Igraszki z diabłem

Marcin Jakimowicz

Mam dość fascynacji ciemną stroną mocy. Na moje biurko nieustannie spływają książki opowiadające o demonach. Będzie tego już z 66,6 kilo.

Igraszki z diabłem

Nie ma miesiąca, by na moim biurku nie lądowały ksiązki, płyty czy pisma traktujące o demonach. Będzie tego z 66,6 kilo. Nie podoba mi się ta nowa wydawnicza tendencja. Dlaczego? Już wyjaśniam…

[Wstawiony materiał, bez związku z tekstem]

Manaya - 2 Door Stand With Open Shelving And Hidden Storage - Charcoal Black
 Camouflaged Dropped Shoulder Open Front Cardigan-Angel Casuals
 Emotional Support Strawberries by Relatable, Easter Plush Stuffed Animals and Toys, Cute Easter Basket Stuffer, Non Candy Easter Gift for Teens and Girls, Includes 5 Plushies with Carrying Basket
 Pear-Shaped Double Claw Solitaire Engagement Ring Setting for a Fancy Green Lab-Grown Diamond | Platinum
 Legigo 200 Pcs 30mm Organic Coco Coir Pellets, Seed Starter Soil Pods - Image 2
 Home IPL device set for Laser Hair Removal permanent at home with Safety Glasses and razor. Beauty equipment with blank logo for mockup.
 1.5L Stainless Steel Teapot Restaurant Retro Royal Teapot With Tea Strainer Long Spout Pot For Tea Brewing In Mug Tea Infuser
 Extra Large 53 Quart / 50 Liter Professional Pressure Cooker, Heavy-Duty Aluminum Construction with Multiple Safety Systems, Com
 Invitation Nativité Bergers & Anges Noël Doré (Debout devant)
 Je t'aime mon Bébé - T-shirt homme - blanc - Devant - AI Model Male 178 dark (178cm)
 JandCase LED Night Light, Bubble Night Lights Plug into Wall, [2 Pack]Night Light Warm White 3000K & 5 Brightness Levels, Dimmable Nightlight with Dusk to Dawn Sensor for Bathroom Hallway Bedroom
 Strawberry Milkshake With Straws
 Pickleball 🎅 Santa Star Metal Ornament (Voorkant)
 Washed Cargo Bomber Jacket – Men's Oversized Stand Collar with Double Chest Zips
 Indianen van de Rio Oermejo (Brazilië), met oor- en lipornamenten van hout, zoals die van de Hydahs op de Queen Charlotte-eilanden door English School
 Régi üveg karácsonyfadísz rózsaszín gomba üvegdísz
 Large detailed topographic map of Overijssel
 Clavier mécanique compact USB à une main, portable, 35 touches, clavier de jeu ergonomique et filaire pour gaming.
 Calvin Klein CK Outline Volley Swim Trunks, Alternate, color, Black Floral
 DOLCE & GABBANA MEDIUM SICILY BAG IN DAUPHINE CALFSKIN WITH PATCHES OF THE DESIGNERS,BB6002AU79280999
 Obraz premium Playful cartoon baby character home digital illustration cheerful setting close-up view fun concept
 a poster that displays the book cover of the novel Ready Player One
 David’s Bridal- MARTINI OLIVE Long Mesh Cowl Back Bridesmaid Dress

Znajomy egzorcysta był często zapraszany do szkół. Po kilkunastu prelekcjach zaczął odmawiać. Powód? Uczniowie chcieli słyszeć jedynie o manifestacjach złego ducha, o skowycie opętanych, wypluwaniu gwoździ, opresjach, agresji, bluźnierstwach i wymiotowaniu na krzyż. Nie interesował ich dalszy ciąg: opowieść o świetle, o uwolnieniu, o miłości zrywającej więzy. Zatrzymywali się na klimatach rodem z „Nocy Żywych Trupów”. „Nie chcę już więcej robić reklamy demonowi” – stwierdził znajomy kapłan.

Widzę niebezpieczeństwo: katolicy na każdym kroku tropią diabła. Dochodzi do paradoksu: boimy się otworzyć lodówkę, bo a nuż coś wyskoczy?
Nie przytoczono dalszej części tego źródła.